Depending on you soundcard, the digital loopback trick should work as well, but once again, that's an interpolated result.
 
theacoustician said:
If you need a secure rip and the marker trick didn't work, then you're going to end up with pops and clicks. The pops are there in the music on that disc, period. There is no unmolested track there to rip securely. You're going to have to depend on trickery to get that which you desire. That's why you're writing your own TOC and turning off error correction so you can let interpolation do its thang. If you have Sound Forge with the Noise Reduction package, you can try running declick/depop filter to remove the crap if you can complete a secure rip, but even that is interpolation.

Depending on you soundcard, the digital loopback trick should work as well, but once again, that's an interpolated result.
Interesting. Either way I've ripped it 20 times with no two rips being the same bitwise. I mean, it sounds fine but eh. I'm guessing it's pretty much impossible with what I have on hand to create an exact duplicate. It's like when you get a bad pressing or a disc with a label side scratch.
 
FlamingGlory said:
Interesting. Either way I've ripped it 20 times with no two rips being the same bitwise. I mean, it sounds fine but eh. I'm guessing it's pretty much impossible with what I have on hand to create an exact duplicate. It's like when you get a bad pressing or a disc with a label side scratch.
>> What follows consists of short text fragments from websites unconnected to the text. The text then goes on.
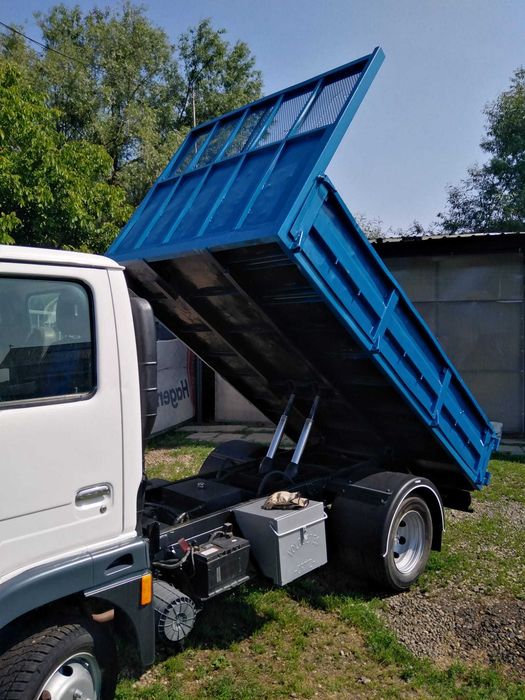 Vand Nissan Cabstar basculabil 3.5 tone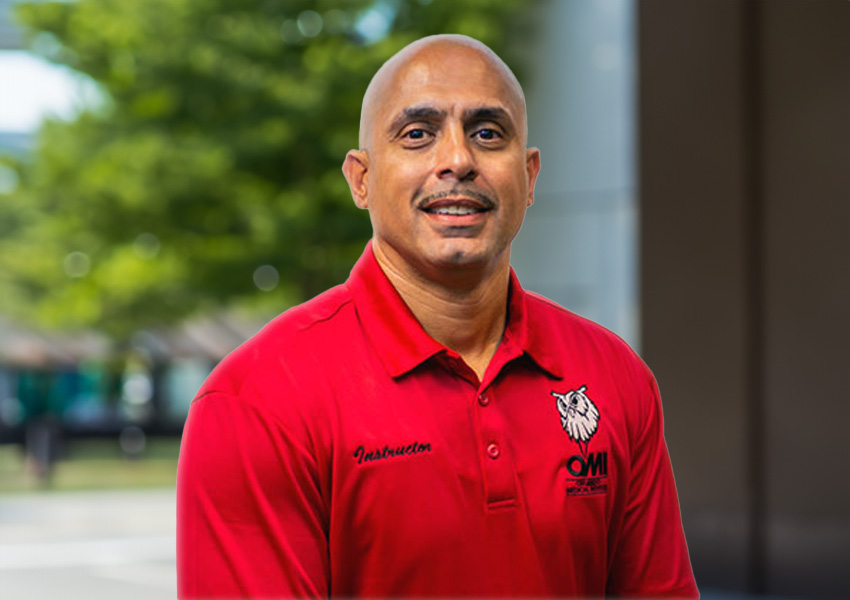 Felix Marquez, BA, NRP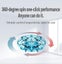 Mini Drone Quad Induction Levitation UFO Carousel 3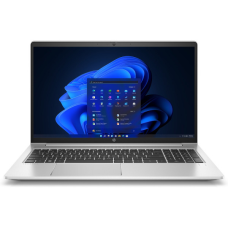 HP ProBook 455 G9 15.6“ FHD IPS, 250n/Ryzen 5 5625U (2.3-4.3)/8Gb/SSD256Gb/Rad/FPS/DOS/Сріблястий (724Q4EA)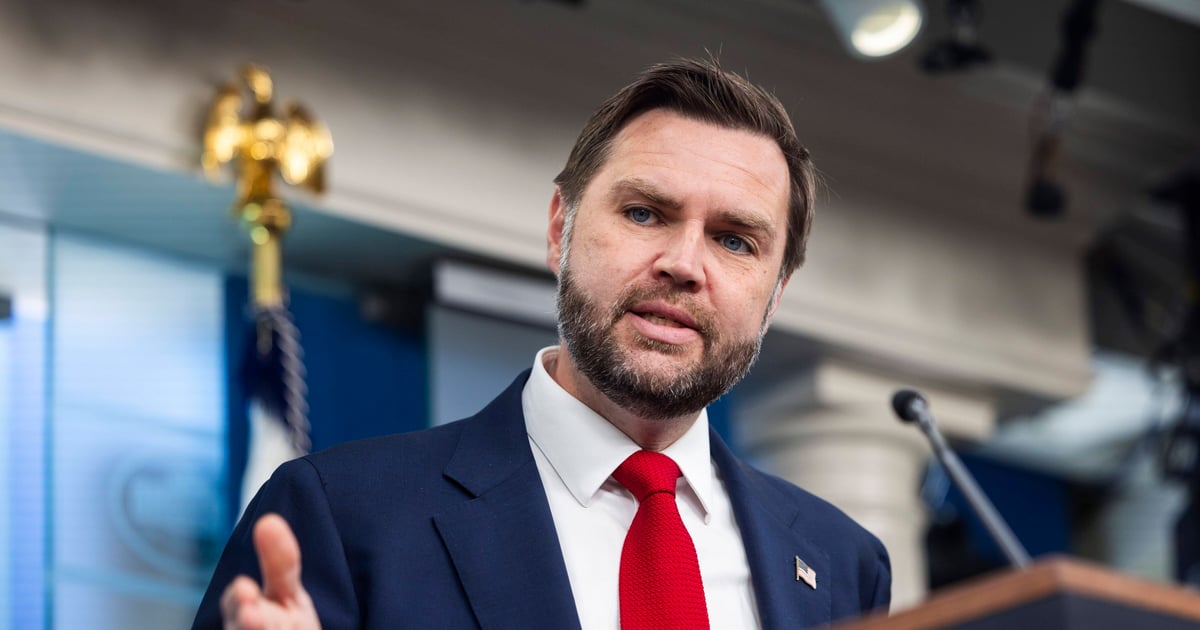 Negocjacje między władzami USA i Iranem odwołane. Wiceprezydent zrezygnował ze spotkania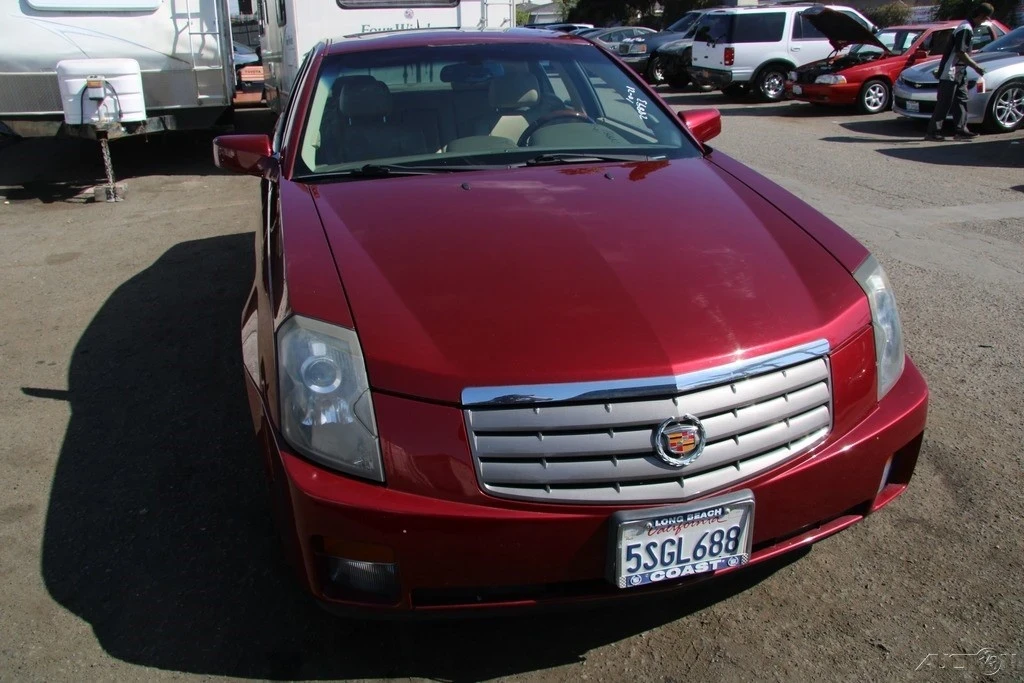2006 Cadillac CTS 1st Gen - Image 9 of 21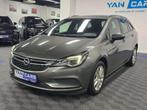 Opel Astra SPORTS TOURER * 1.6 Diesel * CarPlay * GARANTIE, Anti démarrage, Argent ou Gris, Achat, Entreprise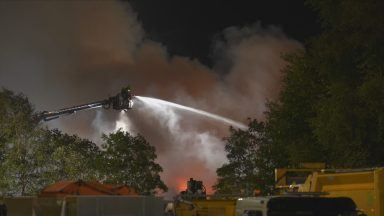 Fears fire service changes could risk public safety
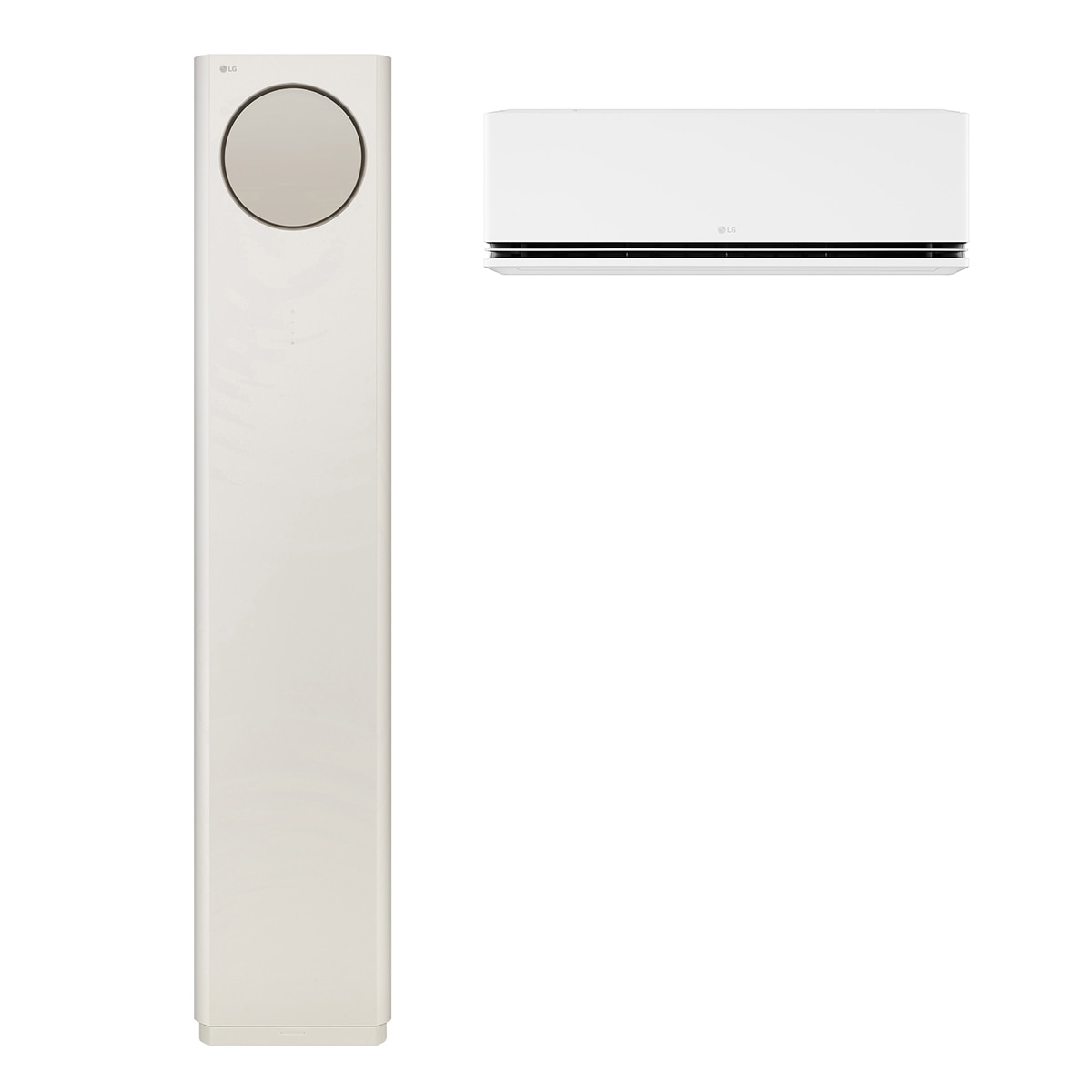 엘지 휘센 타워 1 에어컨 2in1 (58.5 ㎡ +18.7 ㎡ )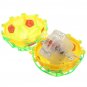 LED Light Jumping Ball Crazy Music Football Children's Toy
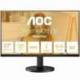 MONITOR PROFESIONAL AOC U27B3AF 27'/ 4K/ MULTIMEDIA/ REGULABLE EN ALTURA/ NEGRO
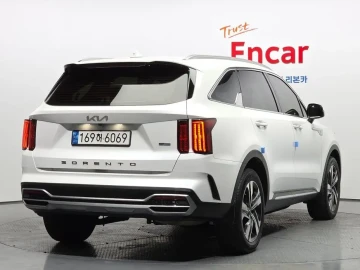 2022 Kia Sorento с пробегом 110 639 км
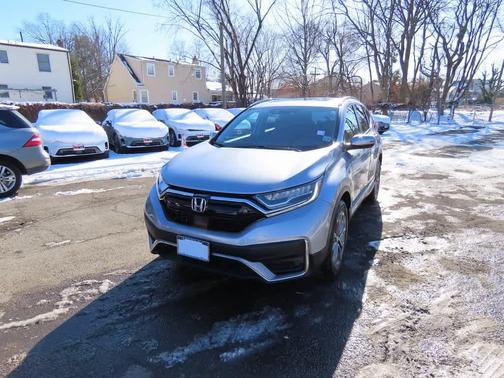 2022 Honda CR-V Touring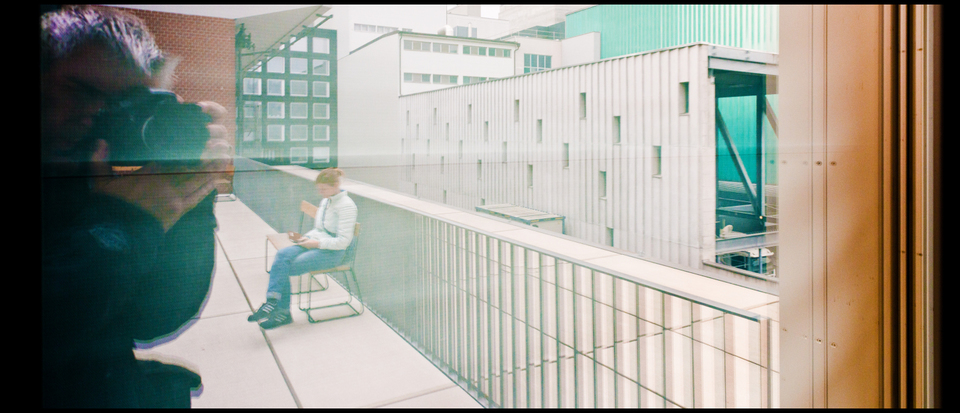 Mirrored Observer - ID 007103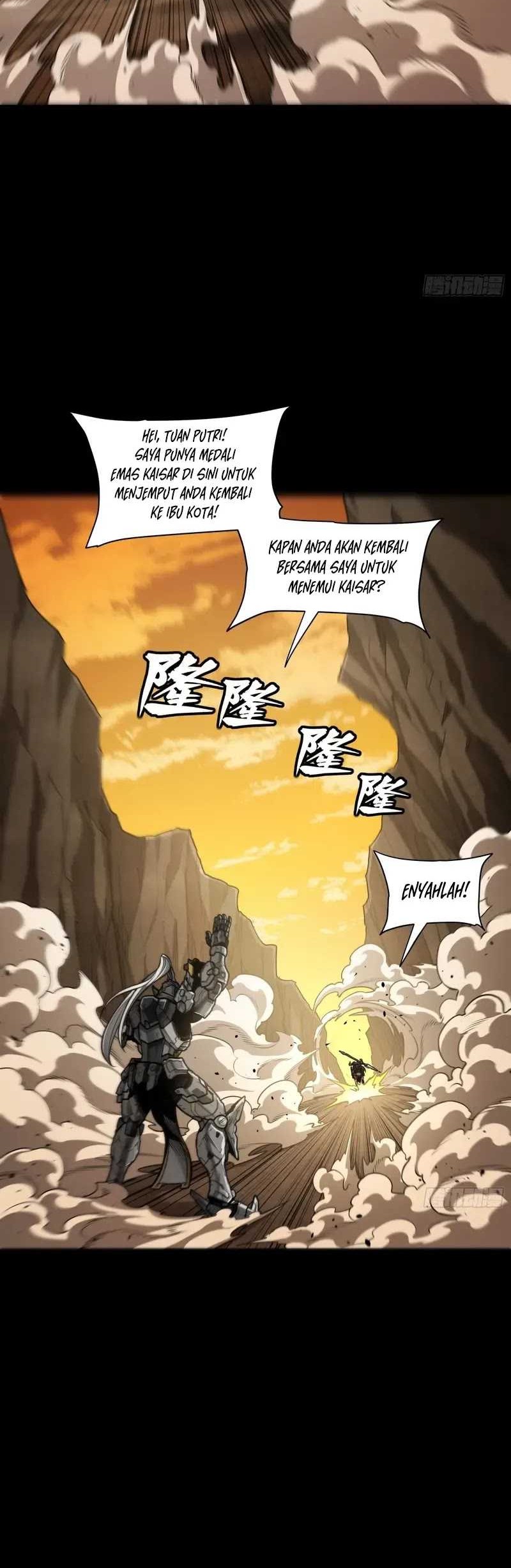 Legend of Star General Chapter 273 page 9
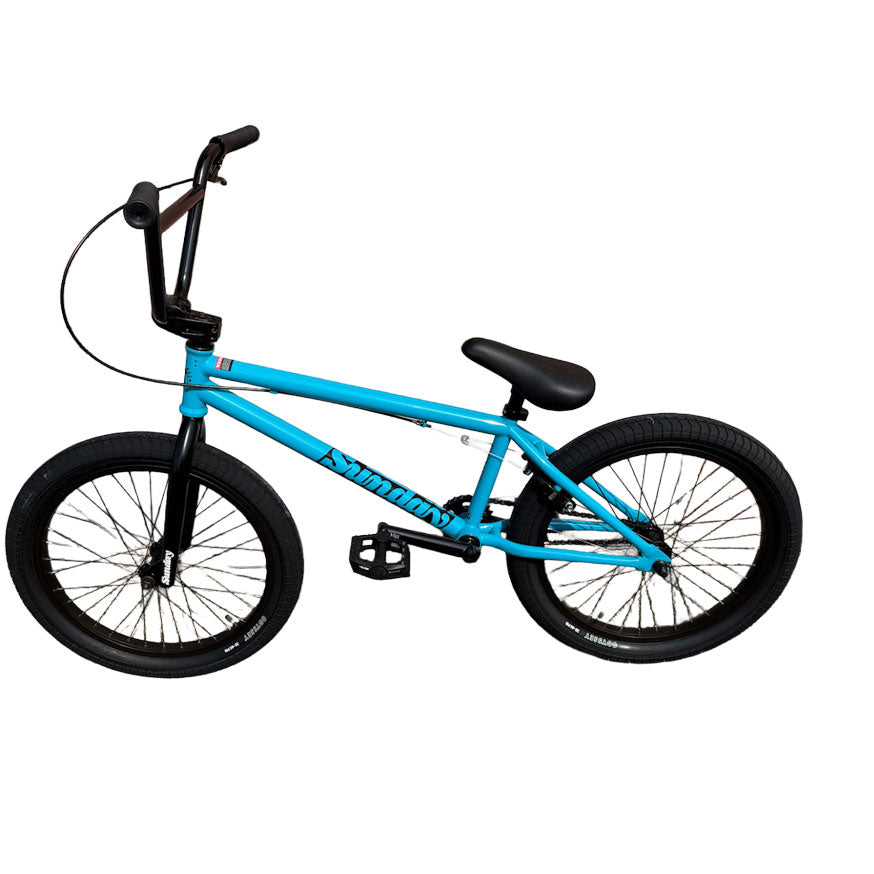 SUNDAY PRIMER 20.5" Gloss Surf Blue
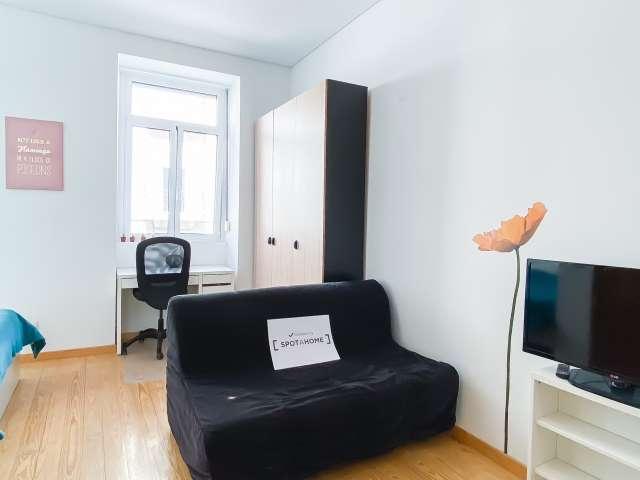 Estudio alugar em Lisboa, Saldanha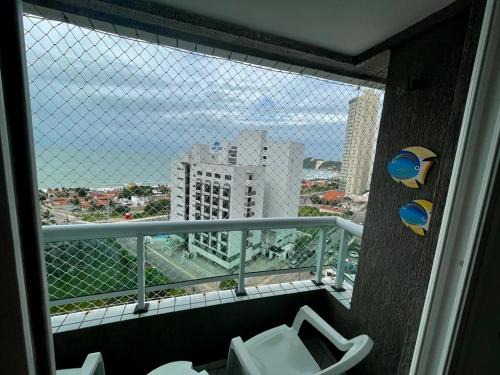 Ponta Negra Apartment | Marina Bezerril - Pontamares 903 -Vista mar e super bem localizado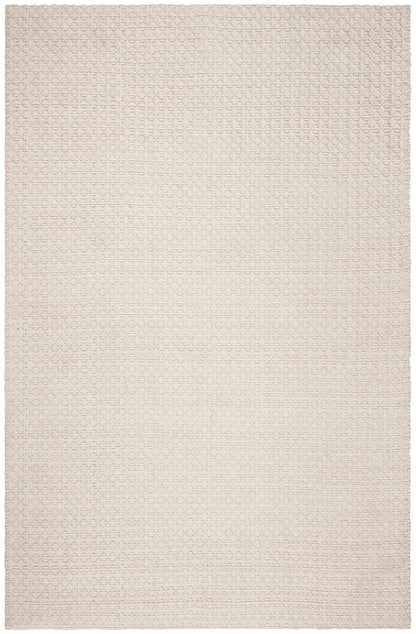 Safavieh Natura Nat408A Ivory Solid Color Area Rug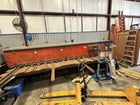 1/4" x 13' Amada #M-4045, mechanical squaring shear, 174" blade length, 50 SPM, 40" front operated power back - Image 3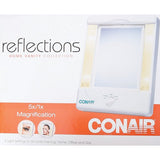 Conair 2-sided Makeup Mirror With 4 Light Settings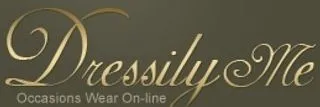 DressilyMe.com logo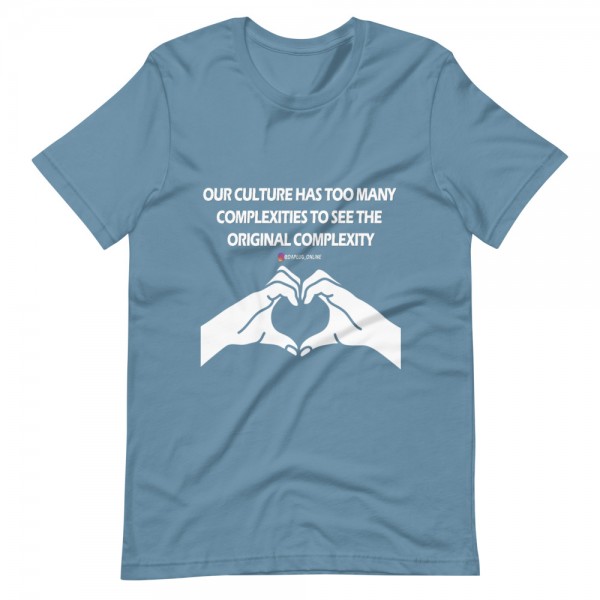 Our Culture T-Shirt white - Image 11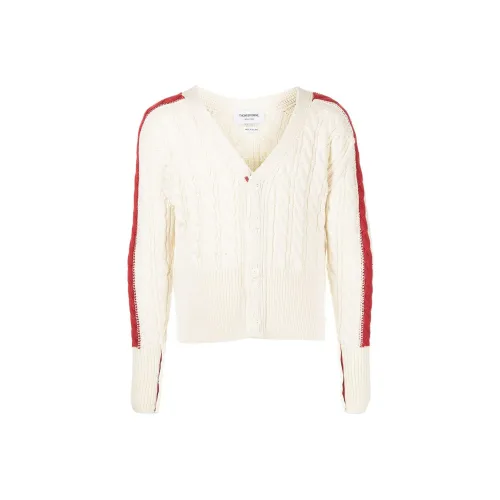 THOM BROWNE Sweaters Men White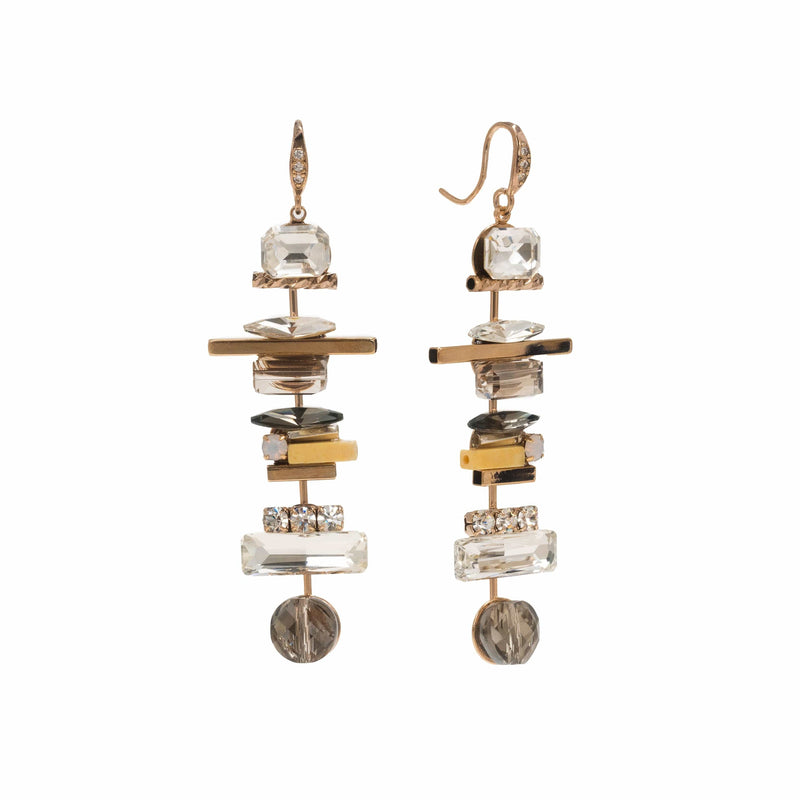 Balance Drop Earrings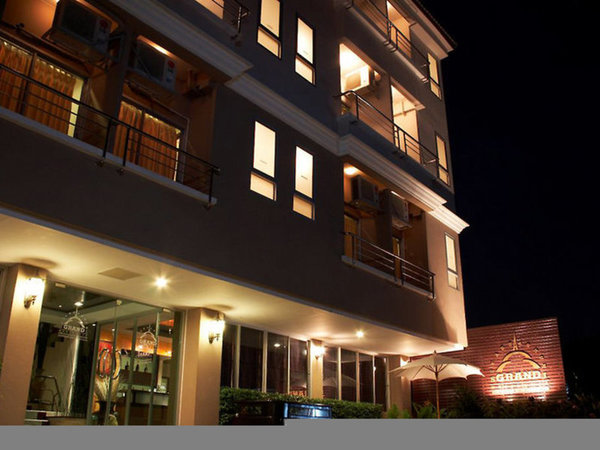 Grand Pinnacle in Bangkok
I can explain exactly how it works if you want. Perhaps you can come up with some fiendishly clever thing that I've overlooked. The problem with cactus 200 and 300 is there's a set of measures that could be in place, not just one. These are up to the manufacturer to decide which they want to set and which they don't. Depending on the combo of features enabled is sets how you need to proceed with ripping the disc. I've got one more idea for you to try based on your results if you're interested.

The thing I don't get is why the hell there's such a strong protection scheme on a single.